Feel the Force: Contact-Driven Learning from Humans (2506.01944v1)

Published 2 Jun 2025 in cs.RO and cs.AI

Abstract: Controlling fine-grained forces during manipulation remains a core challenge in robotics. While robot policies learned from robot-collected data or simulation show promise, they struggle to generalize across the diverse range of real-world interactions. Learning directly from humans offers a scalable solution, enabling demonstrators to perform skills in their natural embodiment and in everyday environments. However, visual demonstrations alone lack the information needed to infer precise contact forces. We present FeelTheForce (FTF): a robot learning system that models human tactile behavior to learn force-sensitive manipulation. Using a tactile glove to measure contact forces and a vision-based model to estimate hand pose, we train a closed-loop policy that continuously predicts the forces needed for manipulation. This policy is re-targeted to a Franka Panda robot with tactile gripper sensors using shared visual and action representations. At execution, a PD controller modulates gripper closure to track predicted forces-enabling precise, force-aware control. Our approach grounds robust low-level force control in scalable human supervision, achieving a 77% success rate across 5 force-sensitive manipulation tasks. Code and videos are available at https://feel-the-force-ftf.github.io.

Authors (8)

Ademi Adeniji (6 papers)
Zhuoran Chen (3 papers)
Vincent Liu (33 papers)
Venkatesh Pattabiraman (6 papers)
Raunaq Bhirangi (10 papers)
Siddhant Haldar (15 papers)
Pieter Abbeel (372 papers)
Lerrel Pinto (81 papers)

Summary

Controlling fine-grained forces during manipulation is a significant challenge in robotics, particularly when dealing with real-world variability and delicate objects. Traditional methods often rely on extensive robot-collected data or simulation, which struggle to generalize, or teleoperation, which can be difficult and expensive to scale. Learning directly from humans offers a compelling alternative, as humans naturally exhibit sophisticated force control in everyday tasks. However, extracting precise contact force information solely from visual human demonstrations is difficult.
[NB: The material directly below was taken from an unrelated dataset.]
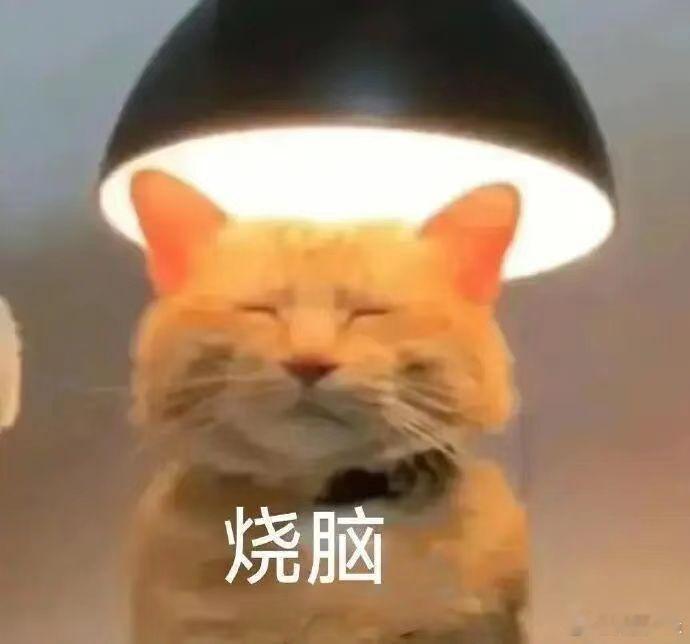 有位同事根本带了不了手表，只要一出汗，带手表的手腕就发痒起红疹，不管是哪种手表，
The paper "Feel the Force: Contact-Driven Learning from Humans" (Adeniji et al., 2 Jun 2025 ) introduces FEELTHEFORCE (FTF), a robotic learning system designed to address this challenge by learning force-sensitive manipulation directly from human tactile behavior. FTF uses a tactile glove to capture contact forces alongside vision-based hand pose estimation from human demonstrations. This data is used to train a closed-loop policy that predicts desired hand trajectories and critical contact forces. At execution time, this policy is transferred to a robot equipped with tactile gripper sensors, and a low-level PD controller actively modulates the robot's gripper closure to track the predicted forces.

Here's a breakdown of FTF's implementation and practical application:

1. Data Acquisition

Human Demonstrations: Data is collected by having a human wear a custom ergonomic tactile glove and perform manipulation tasks naturally. Two calibrated RealSense cameras record the scene (hand and environment) from different viewpoints.
Tactile Glove: Inspired by AnySkin (Bhirangi et al., 12 Sep 2024 ), the glove uses magnetometer-based sensors primarily on the underside of the thumb. These sensors capture 3D force vectors. For FTF, the norm of the center magnetometer's force vector is aggregated over time to match the camera frame rate (30 fps), providing a continuous force reading.
Force-to-Newton Mapping: A mapping between the sensor norm and applied force (in Newtons) is calibrated by pressing the sensor on a weighing scale in various contact modes (Figure 6). This allows the raw sensor output to be translated into a force value.
Robot Hardware: A Franka Panda robot with custom 3D-printed gripper tips is used for deployment. These tips have mounts for AnySkin tactile sensors on one fingertip, mirroring the human glove setup.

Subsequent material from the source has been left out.